Abouti à chacun de ses niveaux, envoûtant et onirique, ce chef-d’œuvre d’HBO surpasse, scénaristiquement et formellement, tout ce qui a été vu ces dernières années dans l’univers télévisuel, voire cinématographique, plusieurs références de la série se rattachant d’ailleurs à des œuvres majeures du septième art comme Freaks, Des souris et des hommes ou La nuit du chasseur, et à quelques aspirations lynchiennes aussi que l'on retrouve, souvent, dans une atmosphère étrange et inquiétante propre au réalisateur protéiforme.
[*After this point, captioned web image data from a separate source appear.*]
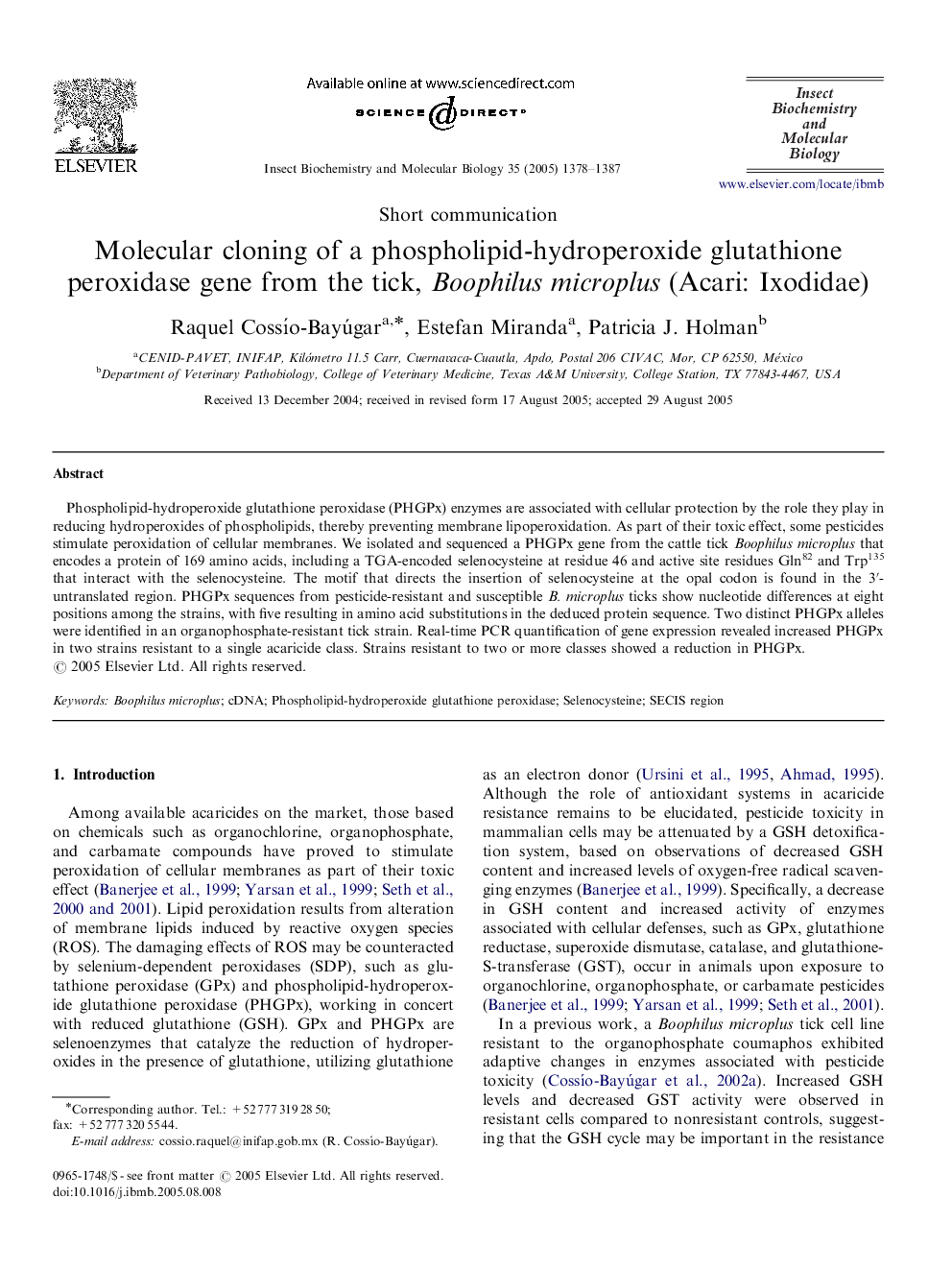 Molecular cloning of a phospholipid-hydroperoxide glutathione peroxidase gene from the tick, Boophilus microplus (Acari: Ixodidae)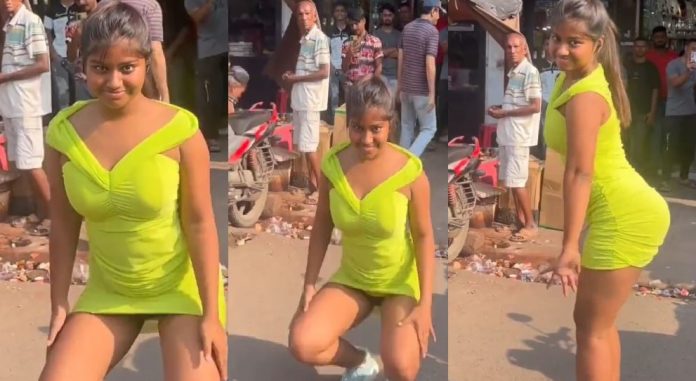 Girl Dance: Girl showed bold dance wearing mini dress on the roadside, people went crazy after watching viral video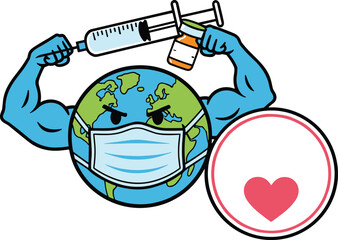 Cartoon Earth with muscles, face mask, vaccine vial, syringe, fighting virus, global health, pandemic protection, COVID-19 resilience, medical strength, immunity symbol, hope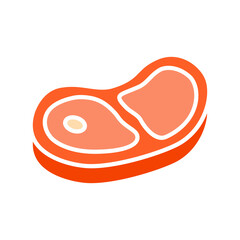 Steak set icon. Meat cut, raw, marbled, beef, protein, butchery, gourmet, carnivore, barbecue, bone-in, steakhouse.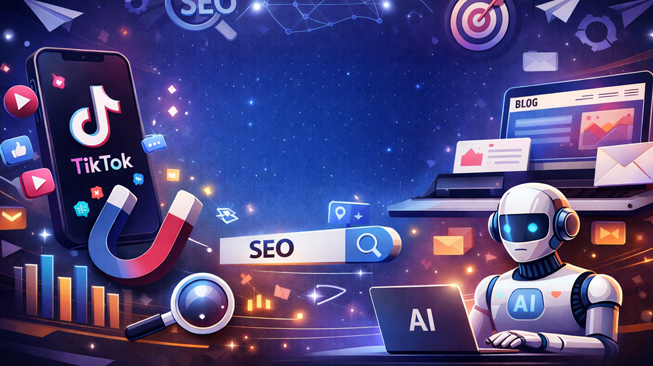 12 Trik Pemasaran Jasa : Strategi TikTok Viral, SEO Website Gratis, Konten Edukasi Blog, Dan Automation Marketing AI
C’est l’Amérique des années 30, le crach de Wall Street entraîne la Grande Dépression, le fascisme monte en puissance en Europe, et le Dust Bowl (tempêtes géantes de poussière) ravage tout le Middle West, entraînant mort, dégénérescence, pauvreté, famine et migration massive. C’est dans ce contexte difficile que la lutte ancestrale du Bien et du Mal, aveugle aux yeux des hommes, continue de se dérouler par le biais de ses deux avatars, Ben Hawkins et Frère Justin Crowe, eux-mêmes fils des précédents avatars.
Carnivàle alterne l’univers des deux hommes jusqu’à la rencontre cathartique, la fête foraine itinérante pour Ben, le milieu religieux pour Frère Justin, installant et observant patiemment deux mondes qui finiront par se croiser lors d'un duel apocalyptique. La procession des forains est emblématique, elle construit l’ambiance visuelle et le look graphique de la série. Les décors, les costumes, les acteurs, la mise en scène, la lumière, la musique, tout concourt à créer un environnement particulier superbement rendu qui donne presque à ressentir, à éprouver la chaleur et la poussière, la sueur et le vent, en plus d'un climat déliquescent propre à la période historique en cours, sombre et dure où la condition humaine désespérante pouvait se résumer à la loi du plus fort.
Carnivàle brasse également plusieurs thèmes de façon cohérente tels que le fanatisme religieux, l’obscurantisme, l’acceptation de soi et de son destin, et décrit également tout un pan méconnu et passionnant de l’histoire américaine. La série, interrompue après deux saisons en raison d’une faible audience (et malgré des critiques impressionnées), s’achève forcément sur un goût de frustration. En dépit des nombreuses questions qui resteront sans réponse, il est possible, plus ou moins, de comprendre que dans cet éternel combat entre deux contraires, personne n’a gagné et personne ne gagnera jamais vraiment, l’humanité se construisant et se reconstruisant sans cesse sur des bases multiples et antagonistes qui font tout l’intérêt, toute la complexité de la vie.